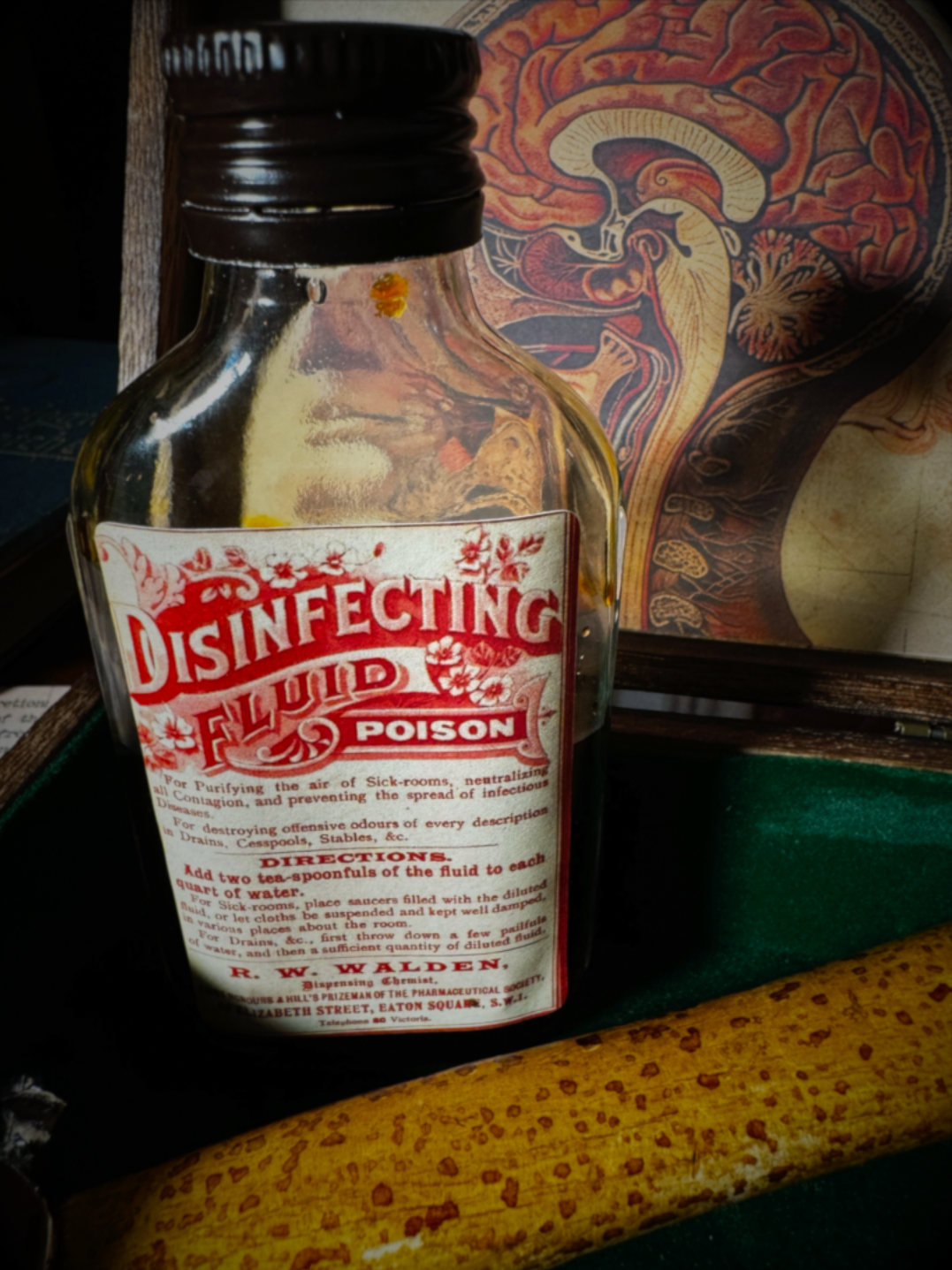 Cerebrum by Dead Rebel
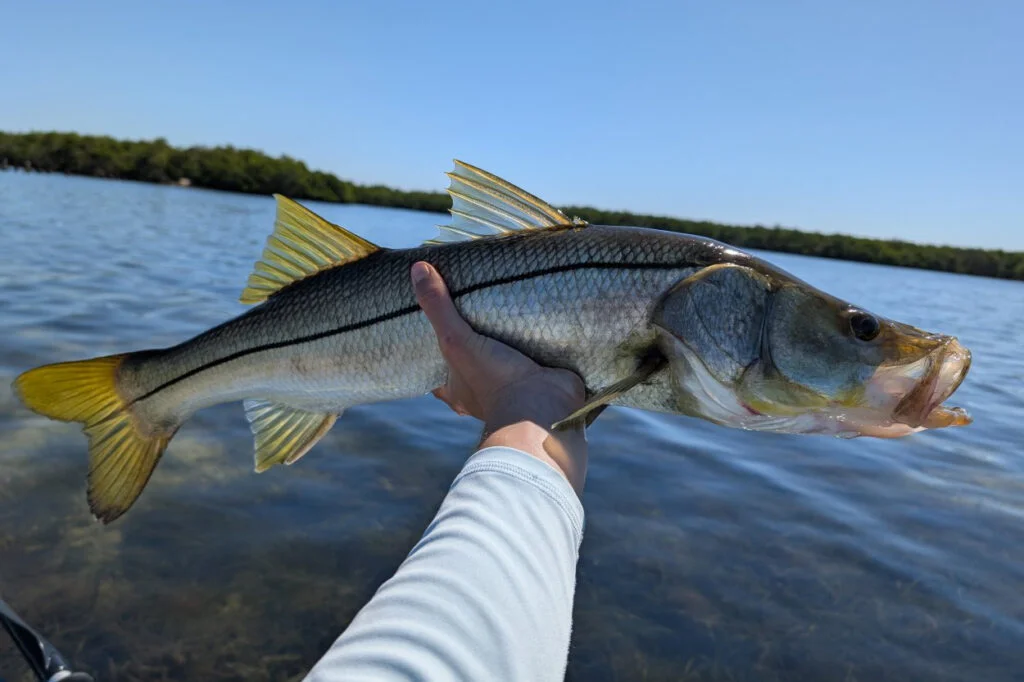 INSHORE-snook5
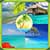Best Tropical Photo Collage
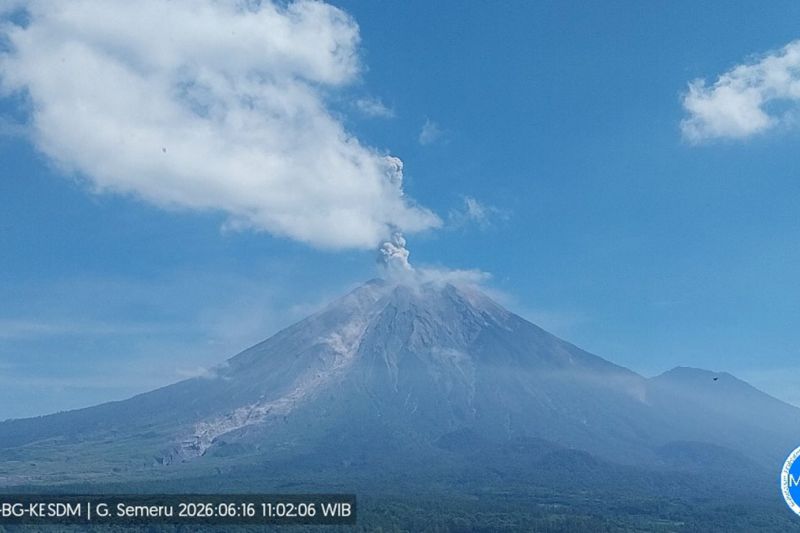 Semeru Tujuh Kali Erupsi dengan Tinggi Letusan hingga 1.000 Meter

+ + +

▸ Problem details
Copy exactly the lines from the line that holds "INSHORE-snook5" to the end of the listing, both included. Leave the pictures out.

▸ Solution
 INSHORE-snook5
Best Tropical Photo Collage
 Semeru Tujuh Kali Erupsi dengan Tinggi Letusan hingga 1.000 Meter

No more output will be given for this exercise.